A trope of both intellectual and spiritual wisdom that often eludes me is the ability to approach life like a child. For me, the challenge hasn’t been in staying curious, or open, or questioning. My challenge has been in staying prolific with the right thing. Since I was a kid, I’ve been prolific in one thing or another, whether it was drawing, writing, or these days writing emails (a sucky thing to be prolific with). Lately I’ve also been prolific with cooking, something that I do every day that I can, even though it siphons at least two hours that could otherwise be a lot more productive. I should clarify that these two terms are not synonyms. Productivity, even when self-driven, pleases an external entity. It is a contribution to society, a token of success in which your value is appraised by your output. Prolificity, on the other hand, isn’t always necessarily “productive.” In fact, when my productivity equates to my prolificity, I’m trapped. My personal fulfillment is measured by a rubric that remains elusive and opaque, in that it’s via the perceived judgement of others. But to be unproductively prolific is to be self-sufficient, is to be self-fulfilled, is to be free.  
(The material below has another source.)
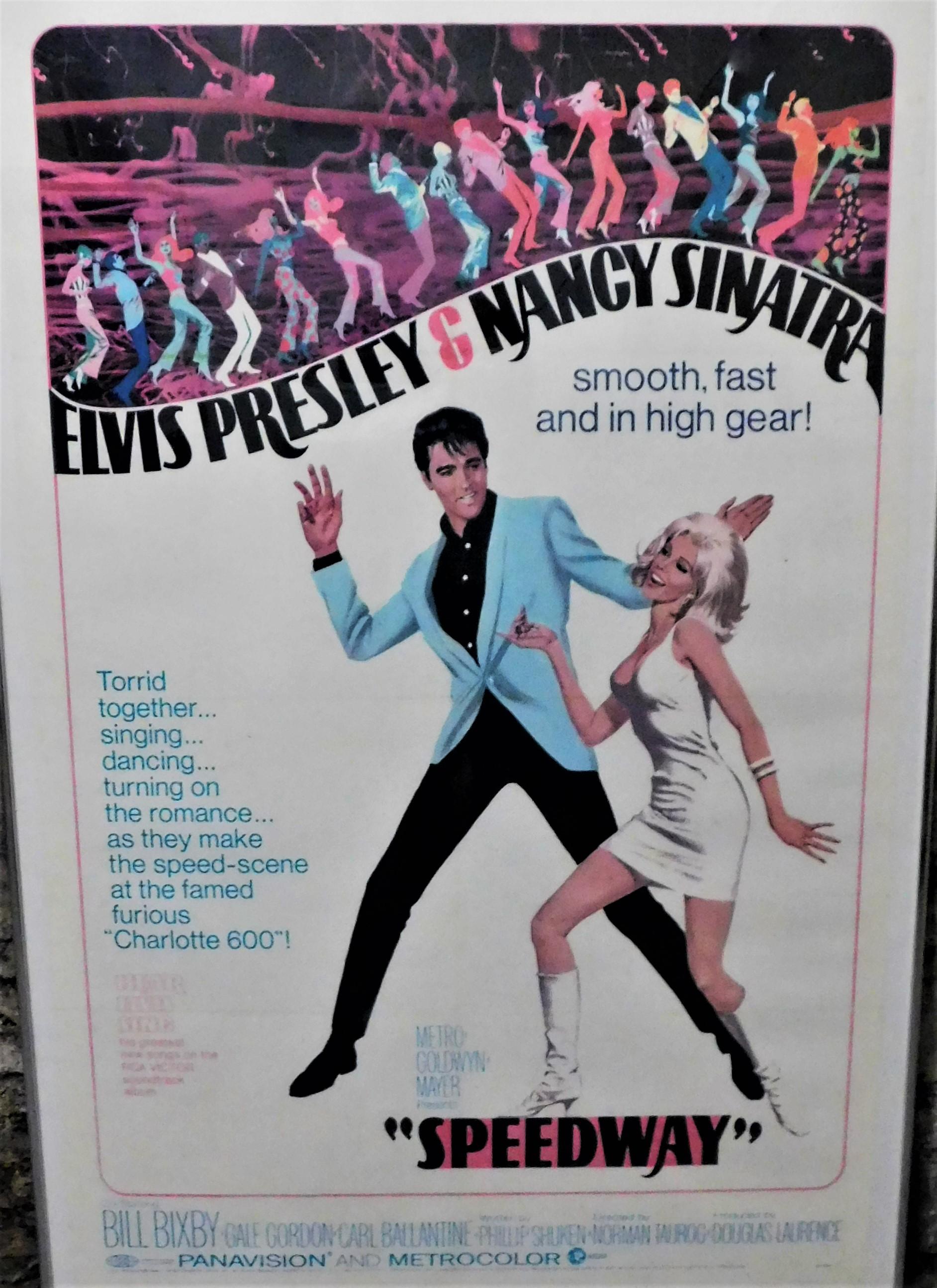 Américain Affiche théâtrale originale d'Elvis Presley Speedway, 1968, support en lin en vente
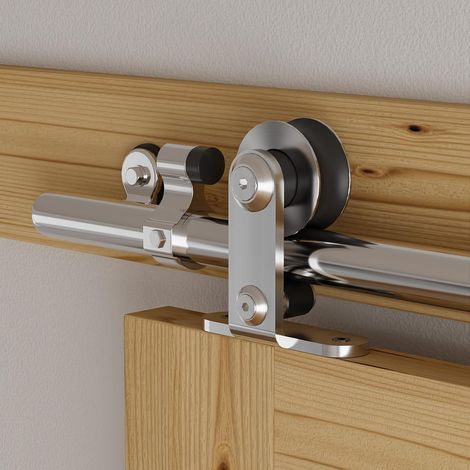 Rail Porte Coulissante Inox 171cm Kit Roulette Suspendue Systeme Noir pour 1 Porte Coulissante Interieur 85cm Large, Acier Inoxydable T Forme (1/5)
This blog, gutted of analytics, comments, and any other imposed rubrics of productive success, has been the grounds for cultivating wisdom that I, in my unwiseness, keep neglecting. I desperately want to commit to writing more regularly in the same way that I want to do other simple tasks that for some reason seem so harrowing – eating slower, making more eye contact, listening deeply. It’s here that I would typically find external players to hold me accountable, but that wouldn’t really be the point, would it? This week, while in the Bay and taking a day between traveling for this endless parade of conferences I’ve been on, my mom asked, “When do you find time to process it all?” She quit her job a year and a half ago and has been doing nothing but processing. She’s been incredibly unproductive but extremely prolific – I’ve never witnessed my mom with thoughts and ideas so well-packaged. Even after these four short paragraphs, I’m beginning to feel my spine straighten, my blood flow, my mind clear. Maybe it’s all in my head. But maybe that’s all that matters.